*** Opening of Data provided ***

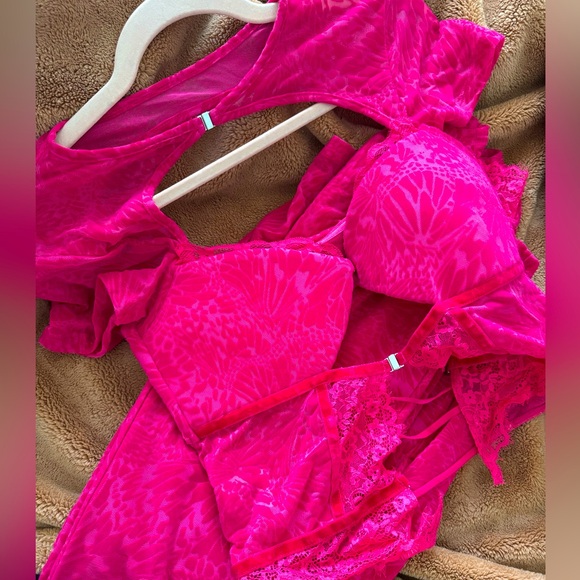 Two piece Pink set (picture show on model) see photos - Picture 4 of 5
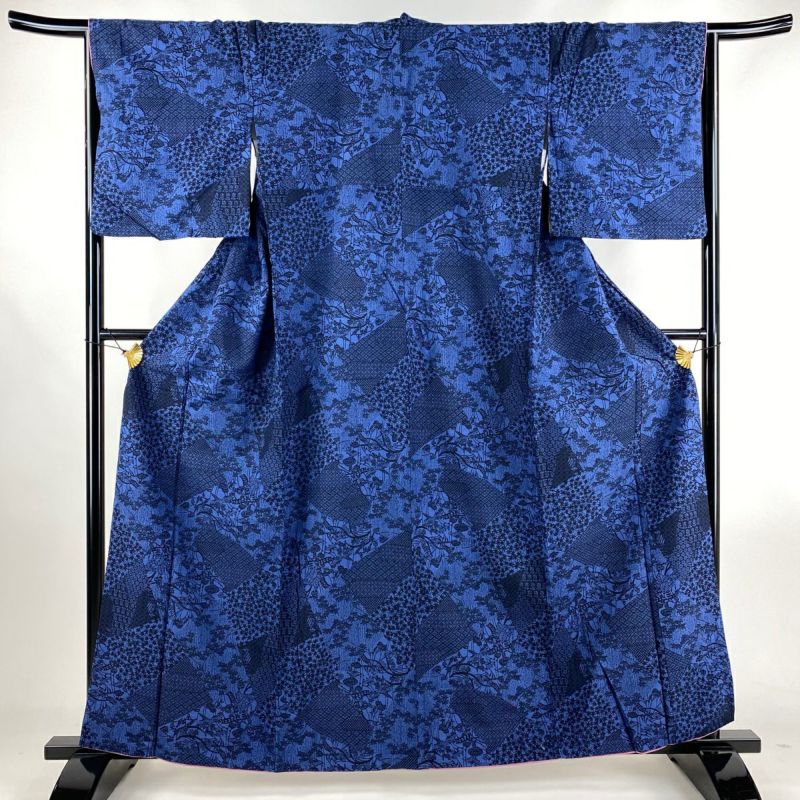 小紋 身丈160.5cm 裄丈67cm M 袷 紬地 証紙あり 草花 花菱 藍色 小紋 身丈160.5cm 裄丈67cm M 袷 紬地 証紙あり 草花 花菱 藍色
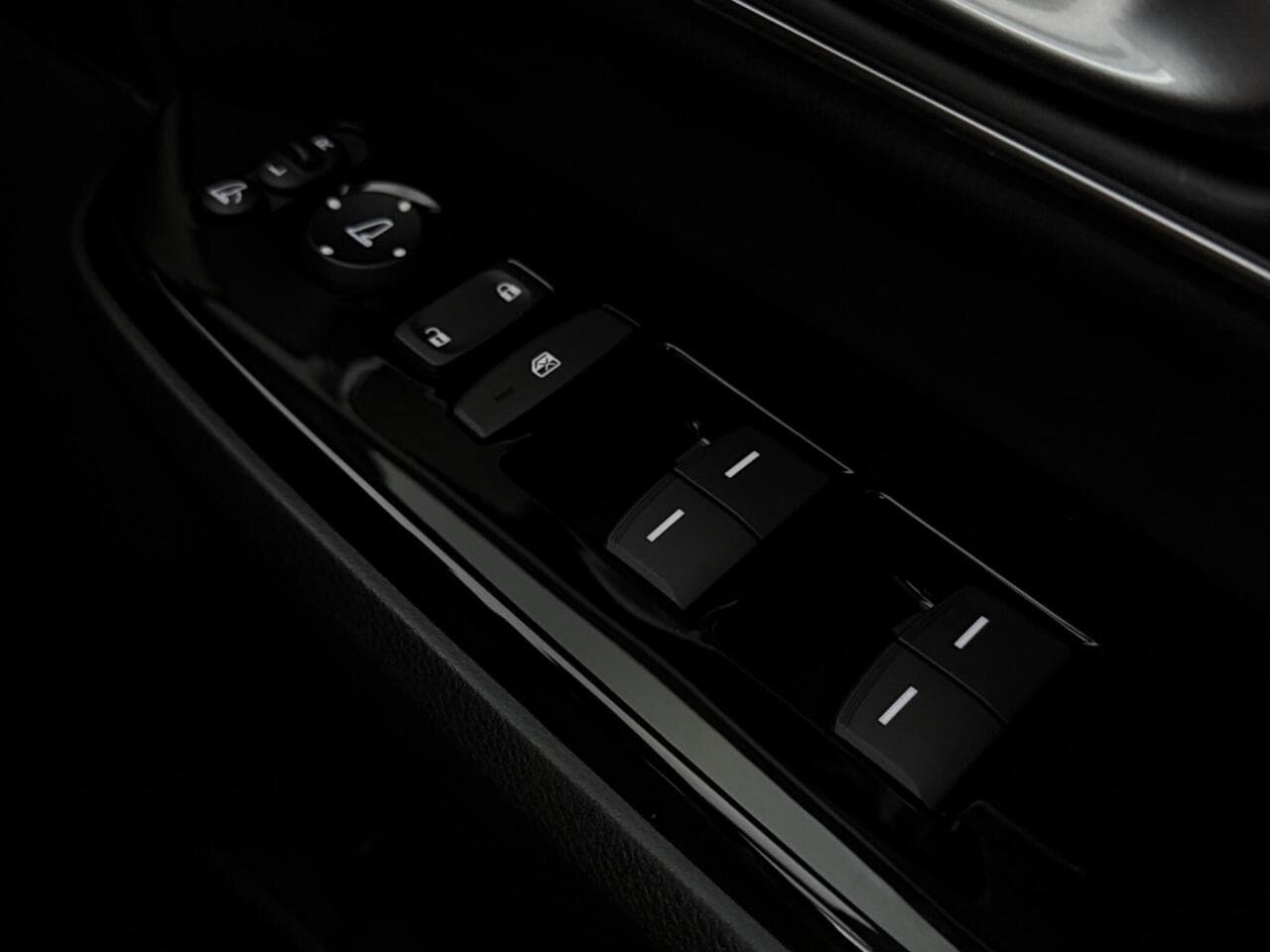 Honda CR-V thumbnail Misc Controls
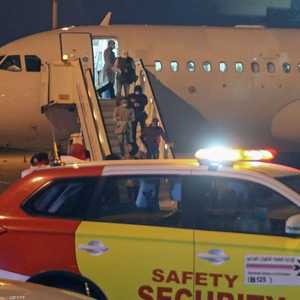 أجلت الكويت عددا من العرب من إيران بعد تفشي كورونا هناك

*** Close of Data provided ***

Set aside the pictures. Then return every line of the material above verbatim.

Solved problem:
 Two piece Pink set (picture show on model) see photos - Picture 4 of 5
 小紋 身丈160.5cm 裄丈67cm M 袷 紬地 証紙あり 草花 花菱 藍色 小紋 身丈160.5cm 裄丈67cm M 袷 紬地 証紙あり 草花 花菱 藍色
 Honda CR-V thumbnail Misc Controls
 أجلت الكويت عددا من العرب من إيران بعد تفشي كورونا هناك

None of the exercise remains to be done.